In our study, the combination of vincristine and HAART was generally well tolerated, although peripheral neuropathy was a dose-limiting factor in some patients. We found a baseline peripheral neuropathy rate of 50%. The prevalence of HIV-related peripheral neuropathy varies in different published series from 9–63%. References [19
], with higher rates seen in those with more advanced immunosuppression and those on HAART. A similarly high incidence of neuropathy was reported in a large cross-sectional Ethiopian study, with the majority of cases found in those receiving HAART [24
]. Likely contributing factors in our series were stavudine-containing HAART, prior tuberculosis treatment, and HIV neuropathy. Peripheral neuropathy is a particular concern in this patient population, causing significant morbidity with a limited choice of agents available for symptom management.
16 patients died during the six-month study period, including 6 early deaths that occurred within 6 weeks of recruitment. The median PFS in the ITT analysis was 30 weeks in our study, which is comparable with survival data reported by Olweny et al. [17
]. Additional analysis presuming all defaulted patients who had died revealed a median progression-free survival of 24.5 weeks. This emphasizes the need for taking a holistic approach to patient management, aiming to improve quality of life for those in whom life expectancy is limited. Cause of death was difficult to ascertain in most cases given the majority of patients died at home. There was a trend towards a lower baseline CD4 count in those who died during the study. Given no clear association between lower baseline CD4 counts and KS progression, it is possible that opportunistic infections may have contributed to deaths more than progressive KS during the study period. Immune reconstitution inflammatory syndrome (IRIS) is well described in KS [25
] and is another potential cause for deterioration in patients with KS receiving HAART. It is of interest that the baseline CD4 count of 263 in our study is somewhat higher than previously published. In similar cohorts [17
], further study regarding the causes of death in this group would be of interest.

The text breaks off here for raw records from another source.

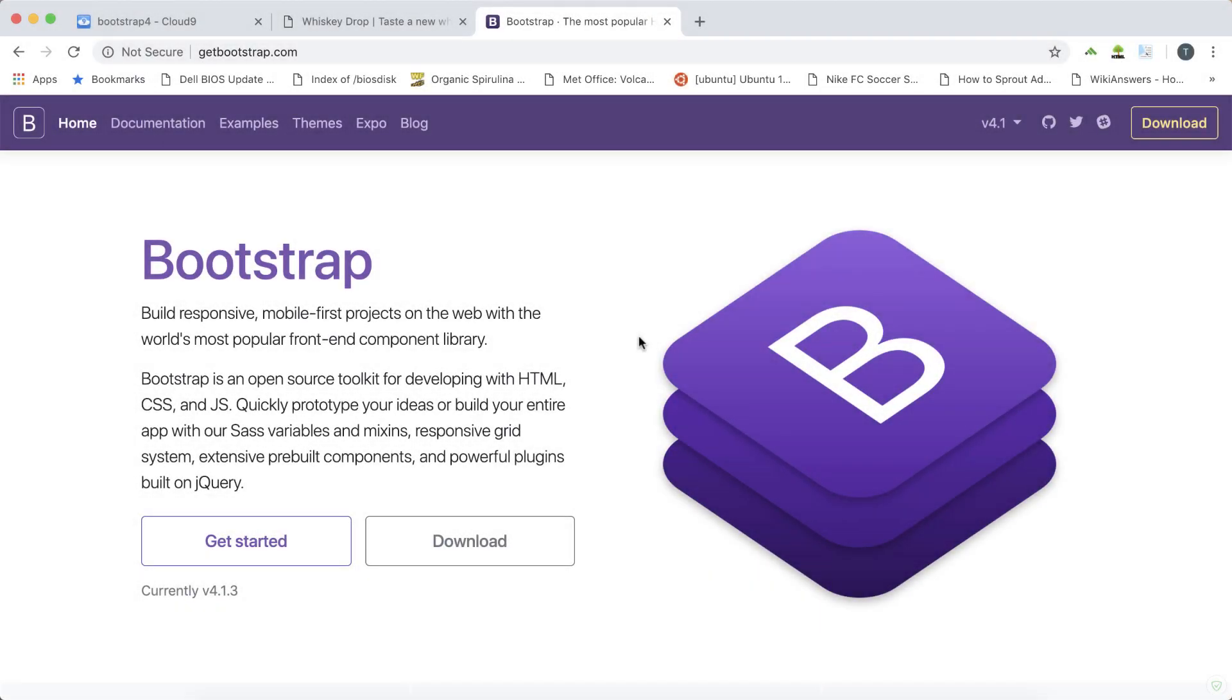In our next two videos we're going to look at Bootstrap's final library of components, the JavaScript components.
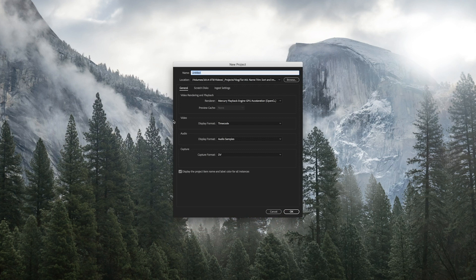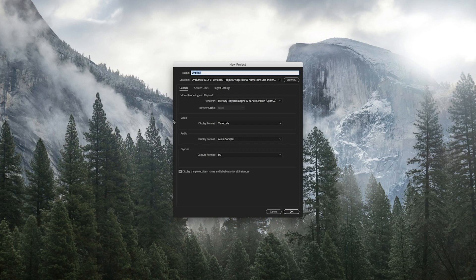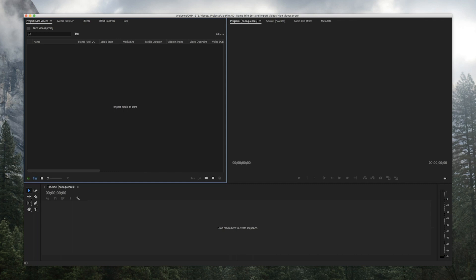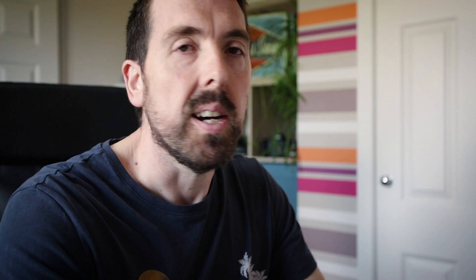So now we can come into Premiere Pro, start our new project, open up our nicely named videos. We can grab those folders, drag them across into Premiere, and just like that we can get into Premiere Pro editing our travel film as quickly as possible.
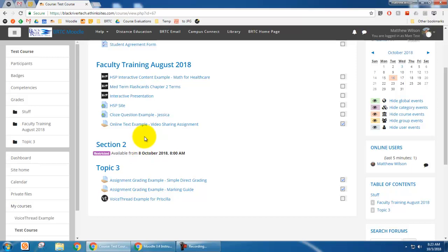Restrict access is a neat way to automate your class. You go in, set every topic to open at a certain date and time, and you don't have to worry about it the rest of the semester. This can help you avoid student emails, messages, and complaints about content not being open. It's a very simple thing to do, but it can save you a lot of heartache.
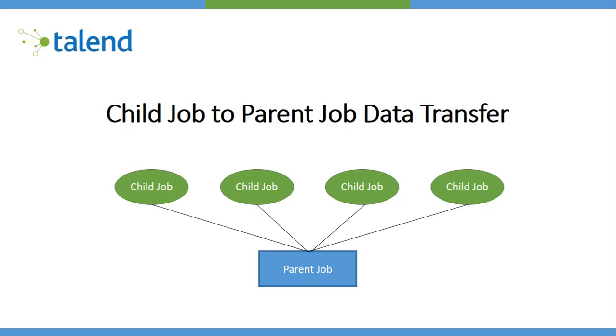Hi guys, in this video I'll talk about data transfer from a child job to a parent job. In one of my other videos, I talked about how a parent job can transfer data to child jobs.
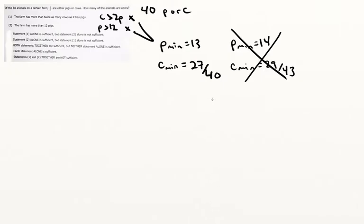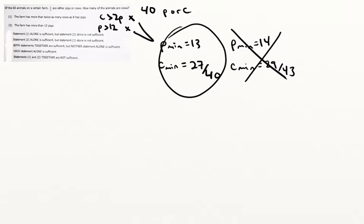So since our value of pigs and cows together has to be 40, we can see that this is actually the only group that works, and then we know that we have 27 cows total and the answer is C.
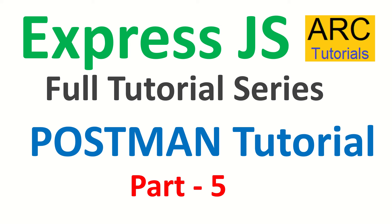Hi friends, welcome back to ARC Tutorials. This is ExpressJS full tutorial series for beginners.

In this study we rigorously attempted to contact patients who failed to attend appointments firstly by telephone and then by home visits. It is common cultural practice in Malawi to travel home to the family village as people near the end of their life. This may have contributed to at least 3 patients being lost to follow up. 3 others were known to have potentially life threatening conditions at the point of last contact—one with a large cerebrovascular accident, one with Stevens-Johnsons-syndrome thought secondary to HAART, and one with proven gastrointestinal KS. A prior study of patients on an antiretroviral programme in Lilongwe, Malawi, found that of those lost to follow-up, 41% were later found to have died [27
]. It is likely that death was the cause of several defaults in this study.

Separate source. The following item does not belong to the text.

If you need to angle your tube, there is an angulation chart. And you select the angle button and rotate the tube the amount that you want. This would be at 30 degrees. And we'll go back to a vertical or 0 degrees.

Due to lack of access to prompt histopathological services, the diagnosis of KS in this study was made clinically by two experienced physicians. Histological confirmation would have been ideal if feasible.

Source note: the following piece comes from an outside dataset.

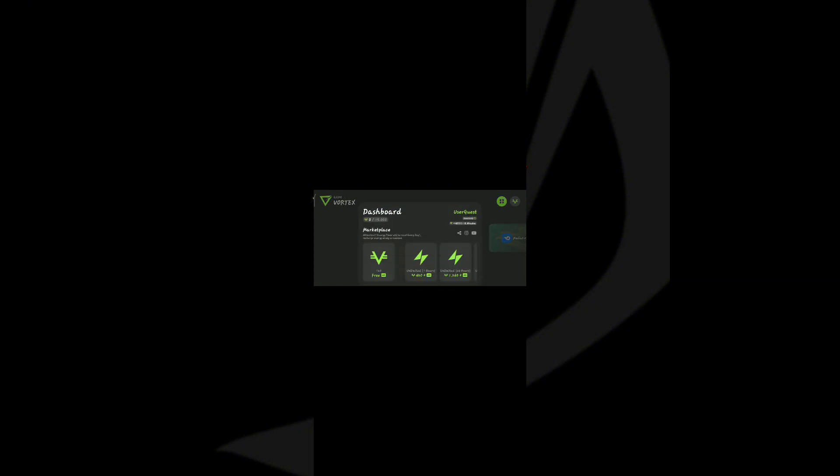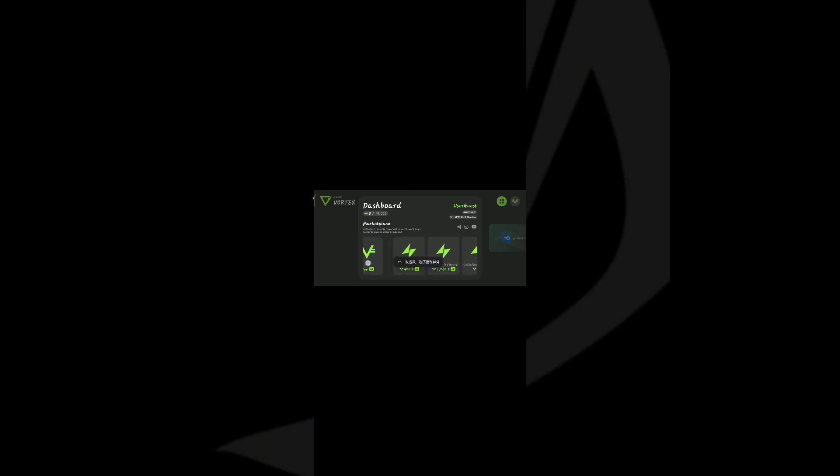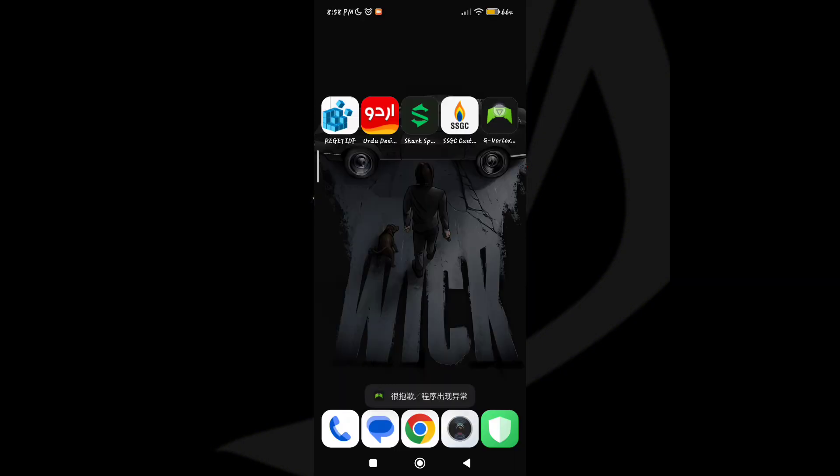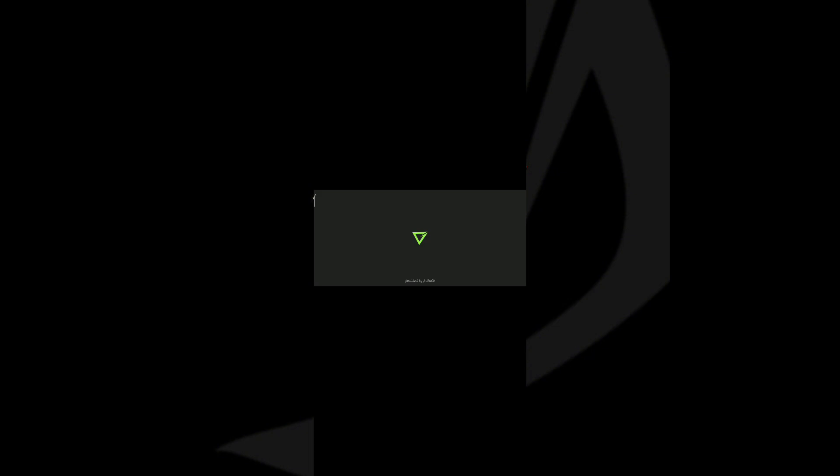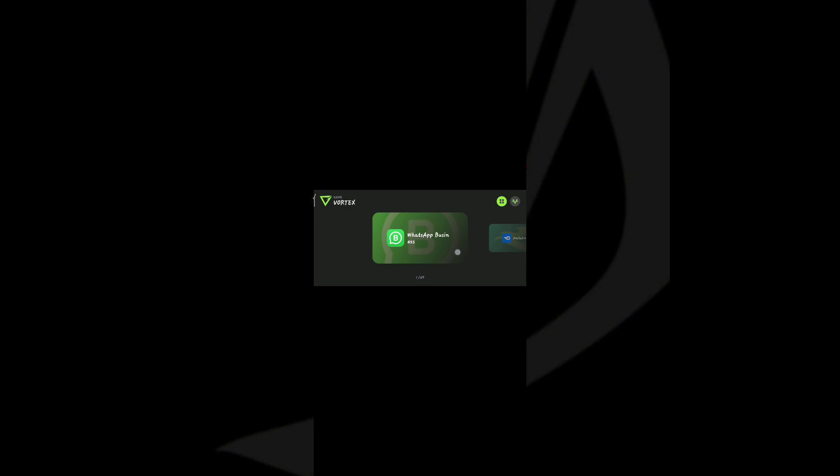After installation, open the app. After opening the app, you will see Boost Device Option. Click Boost Device Option two times. After clicking two times, it will start boosting your device that will help you to maximize FPS.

The APCA POS tool has been validated for use in an African setting. We utilized it in this survey in an attempt to measure palliative care outcomes. Whilst some trends could be elucidated, we observed that the patients and families in our study found the questionnaire difficult to complete. They struggled to use numerical rating scales to express the magnitude of a subjective experience, even with the assistance of a research nurse. More refinement in such assessment tools is needed before they can be used reliably in our population group.